About this task:
Look below for the line containing "Baby Squirrel Is". Write out that line and the rest through the last one, exactly as they appear, but without pictures.

Exercise data:
▬▬▬▬▬▬

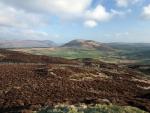 Great Mell Fell in the distance.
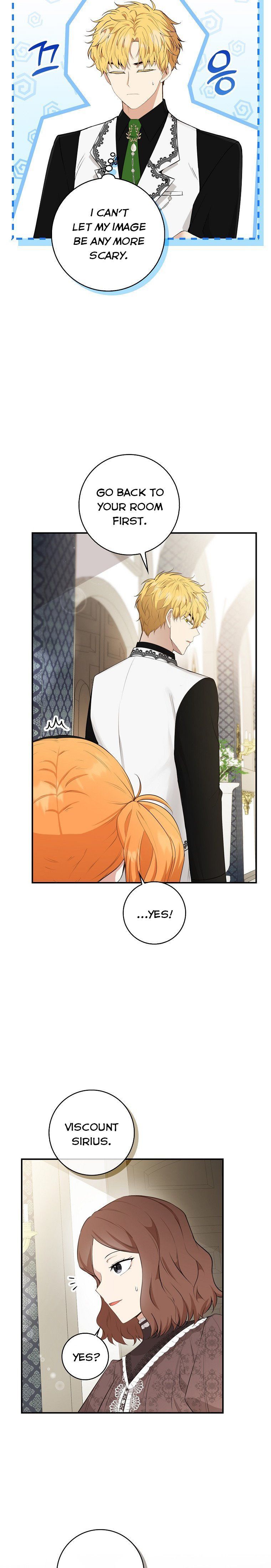 Baby Squirrel Is Good at Everything chapter 23 page 23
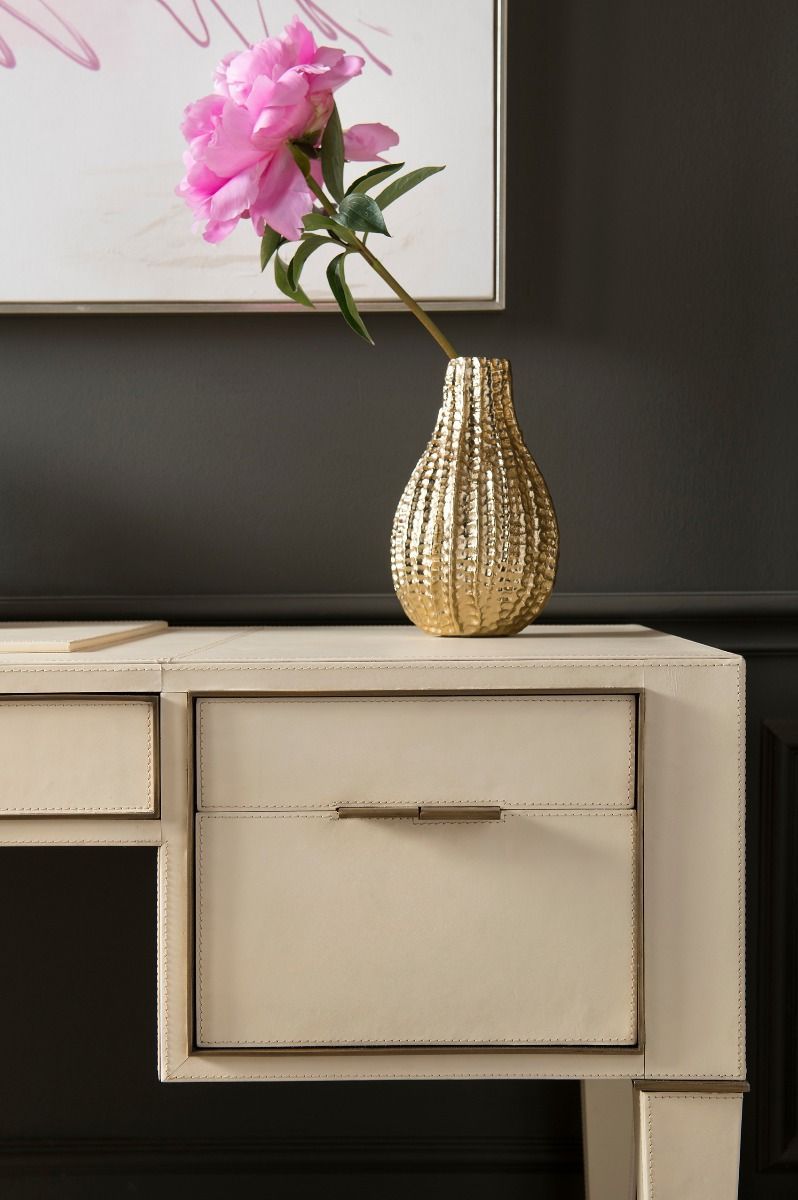Bungalow 5 HUNTER DESK, IVORY - Salisbury & Manus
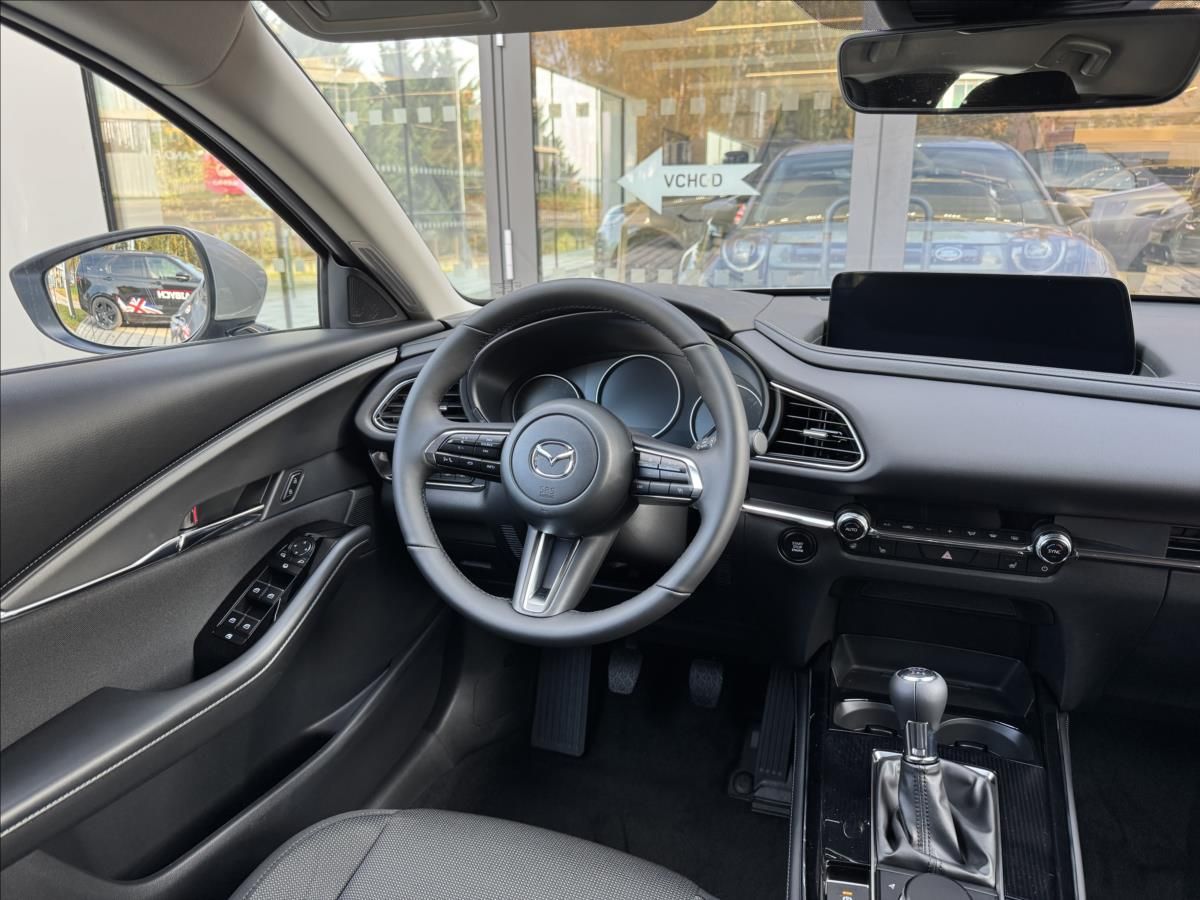 Mazda CX-30, 2,5 G 140ps 6AT FWD Homura - fotka 5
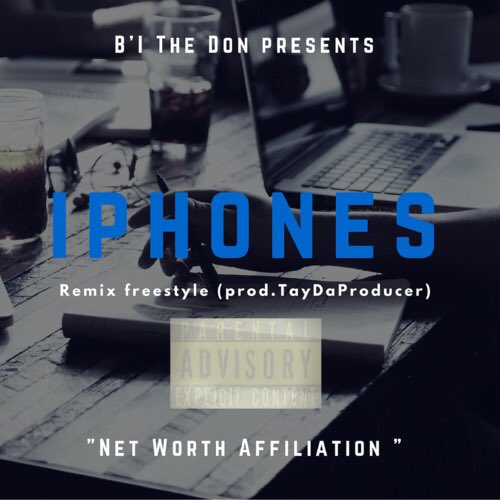 CampaignDon_'s tweet photo. [Single] DJ Profluent - B'I The Don - iphones (single) @DJ_PROFLUENT @CampaignDonNC  » https://t.co/9n5OAwuUvr https://t.co/J6w5kCFJdY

▬▬▬▬▬▬

Exercise response:
 Baby Squirrel Is Good at Everything chapter 23 page 23
Bungalow 5 HUNTER DESK, IVORY - Salisbury & Manus
 Mazda CX-30, 2,5 G 140ps 6AT FWD Homura - fotka 5
 CampaignDon_'s tweet photo. [Single] DJ Profluent - B'I The Don - iphones (single) @DJ_PROFLUENT @CampaignDonNC  » https://t.co/9n5OAwuUvr https://t.co/J6w5kCFJdY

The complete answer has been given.